Here’s the big idea in 95 words: There is a fundamental disconnect between the way we (HR) deliver health initiatives and the way they are received by our audience (employees).

As a result, when it really matters, when it is most important to support and improve the health of employees, nine out of ten times HR teams make little or no impact.

In some cases, all the effort that HR teams put into health and wellbeing is completely missed by employees.

You need to understand why this disconnect occurs in order to overcome it, succeed, and profit from engaged and productive employees. This post is the first in a series that show you how.

I am not a natural

I create health technology for a living. My job is to bring products to market that improve peoples health. I am good at it. When HR teams want to improve employee health & wellbeing, my product gets results for them.

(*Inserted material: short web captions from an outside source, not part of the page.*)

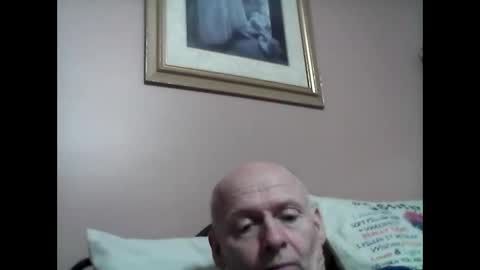Snapshot of oldbuthorny62 chatting on 5, 1, 2025 oldbuthorny62 online show from 5, 1, 2025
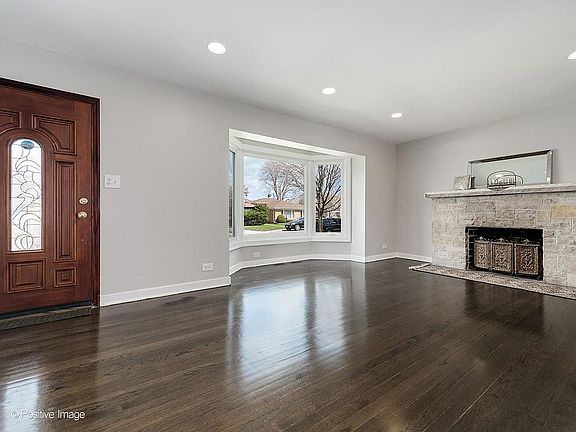 3rd image of 3831 W Estes Ave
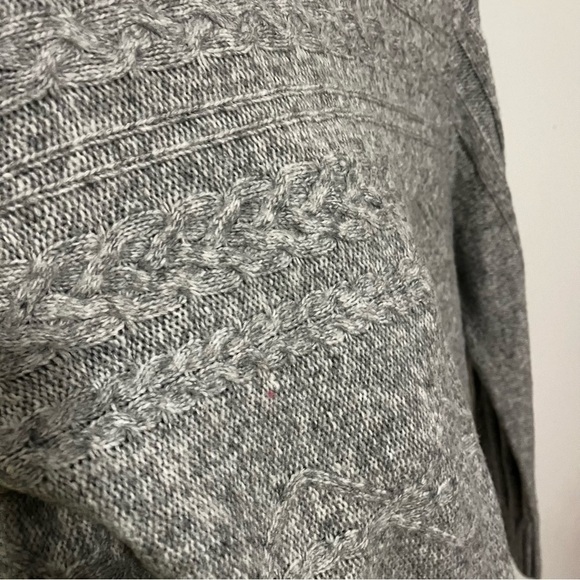 ST. JOHN’S BAY WOMENS GRAY KNIT SWEATER, Size XL - Picture 7 of 8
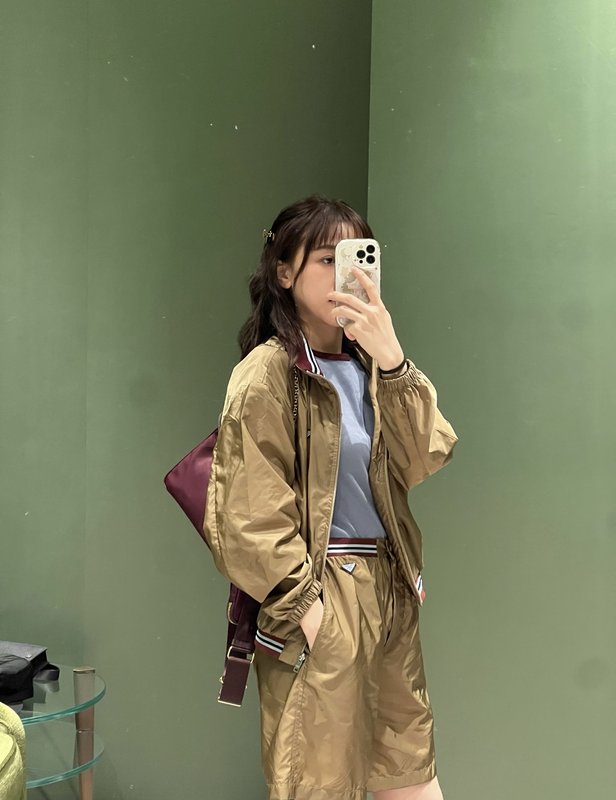 프라다 여름 카키색 나일론 하프 팬츠 001-256127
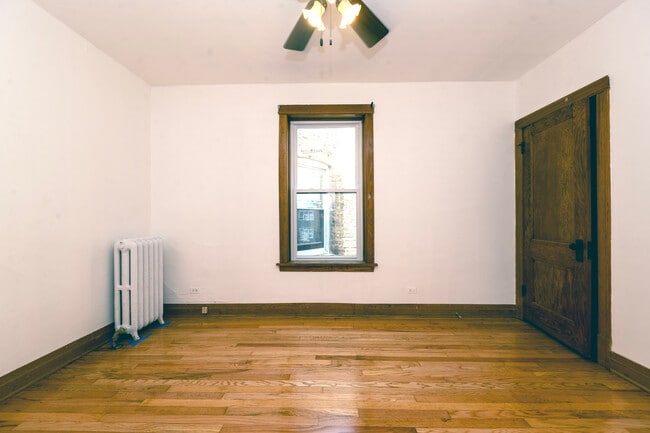 Building Photo - 5104 W Hutchinson St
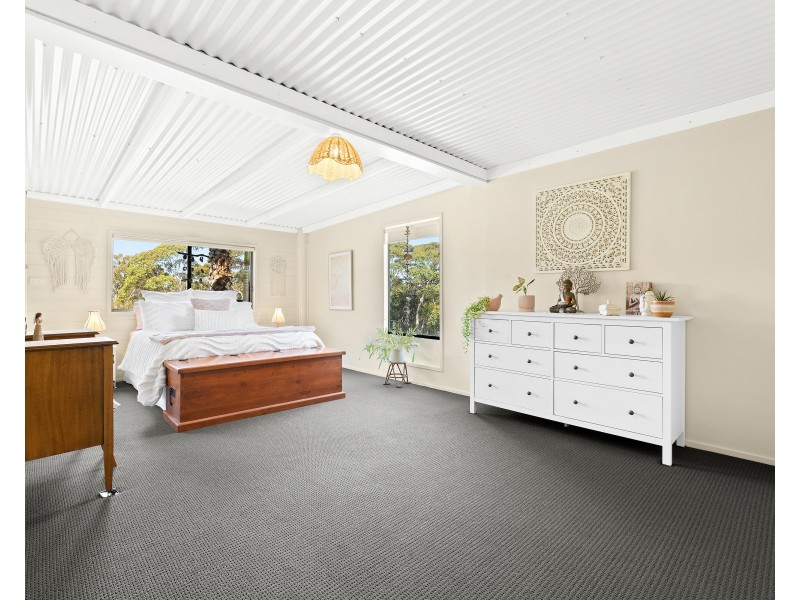 33 TALLWOOD CRESCENT, Rosedale NSW 2536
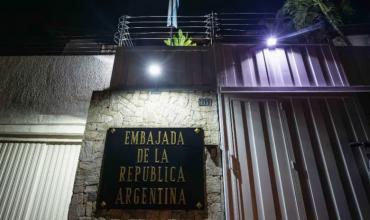 EE.UU. condenó el asedio a la Embajada argentina en Venezuela y pidió salvoconductos para los asilados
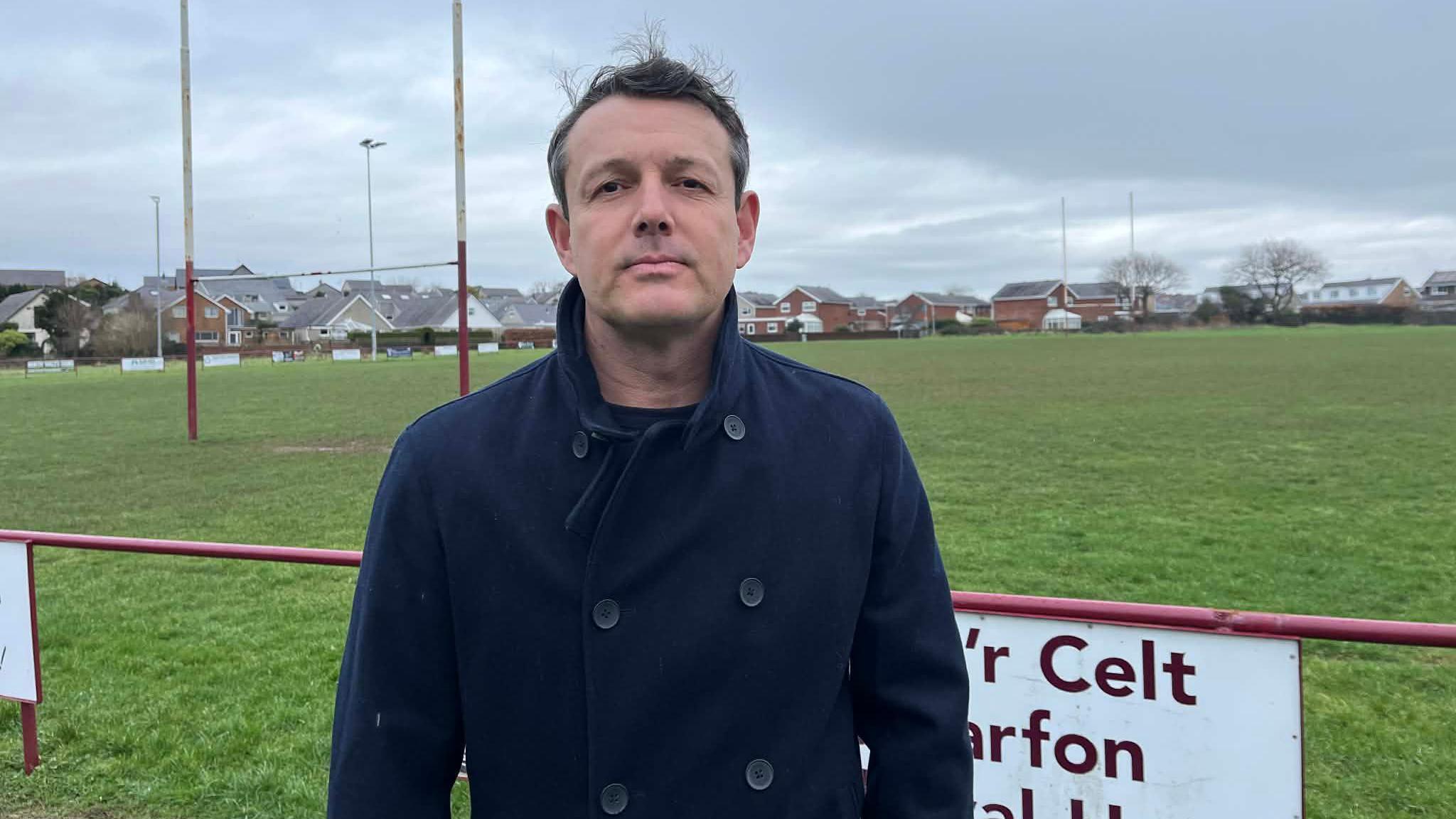 Seimon Williams yng Nghlwb Rygbi Caernarfon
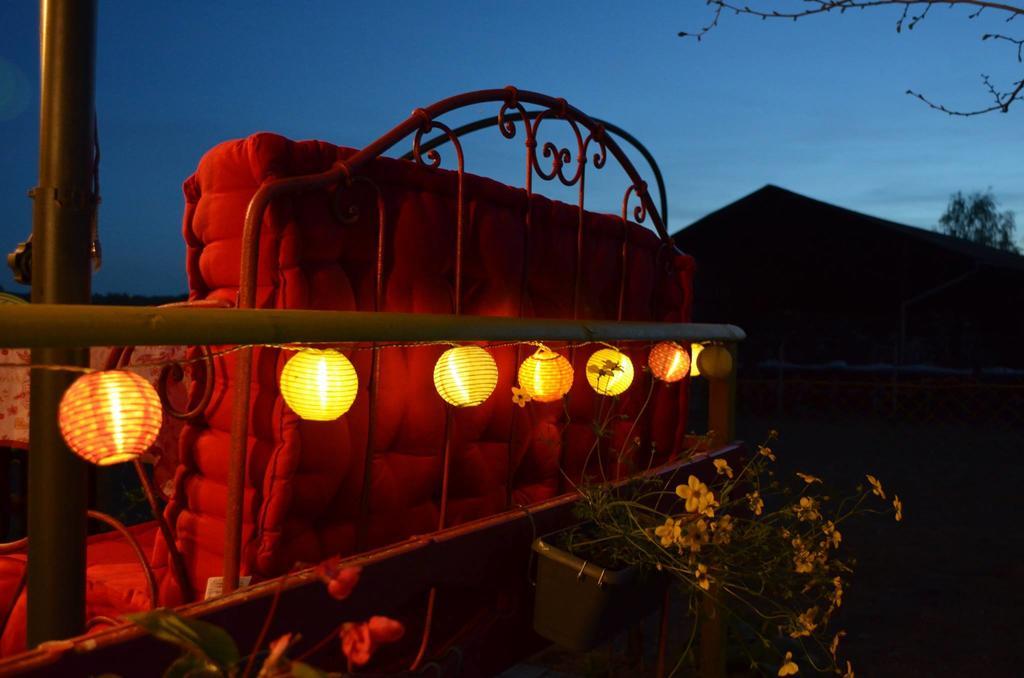 La Roulotte De Lola - Chambre D'Hotes La Celle  Exteriör bild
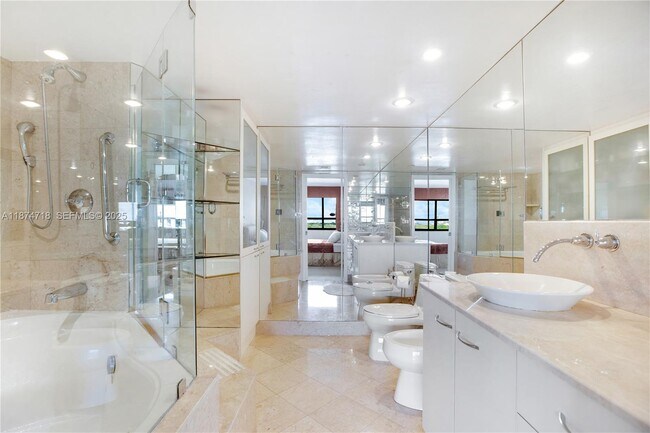 Building Photo - 3 Grove Isle Dr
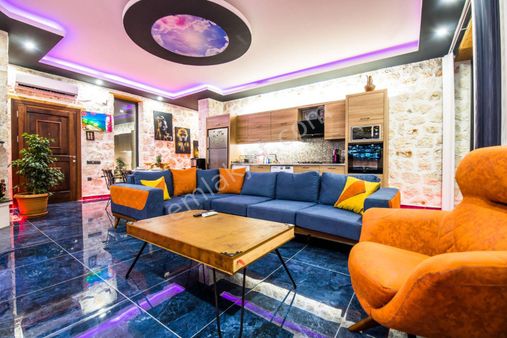 Kaşta Lüks Yapılı Villa Yatırımlık Full Eşyalı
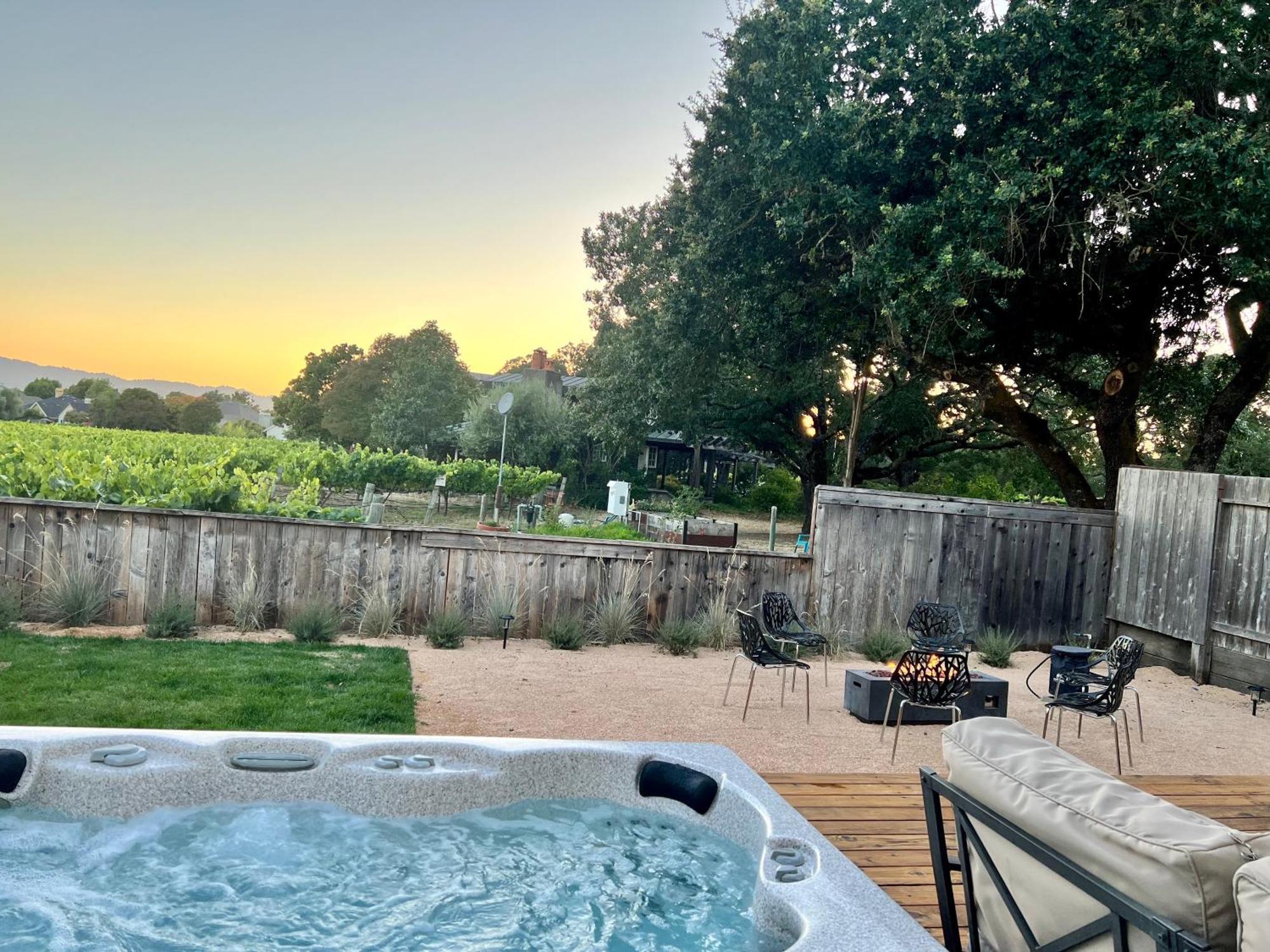 Outdoor Fire-Pit, Jacuzzi & Bbq W/ Vineyard Views! Villa Windsor Exterior foto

I have seen giant leaps in mental health, energy levels, weight, and 22 other biomarkers when companies use my product. I have seen these results at Universal Music Group, Skyscanner, Expedia, and many other household names. And I continue to see these results at a rate of 2 new companies every month.

From the outside, my products success looks simple: I offer companies who want to improve employee health a product that improves employee health. But others do that too. Yet my product is far more effective than theirs. They compete in the same market. Make the same type of software. Work with the same kind of HR teams.

But the numbers show my product is consistently the most effective and engaging. The difference isn’t luck. It isn’t a special gift. And I have no degree in HR or health. What I do have is a good method.

As it turns out improving employee health is one of those skills that depends heavily on the method you use and not how hard you try. Better method, better outcomes. Much better method, much better outcomes.

It’s no different for you. The better you are at improving engagement, retention, and performance - the more effective you will be. Maybe you want to reduce your attrition rate. Maybe you want to reduce your sickness absence, or even demonstrate to the board why you should invest more in mental health.

I can help you get better using the methods in this series of blog posts.

Method 1: Get quality data

I recently sat down with 30 HR teams in the UK. It didn’t matter if they were a Global HR Director looking after 150,000 employees or Head of Benefits with just 1,000 employees. Their stories are the same.

Here’s what they said:

Me: “What challenges are you facing right now as a HR team?”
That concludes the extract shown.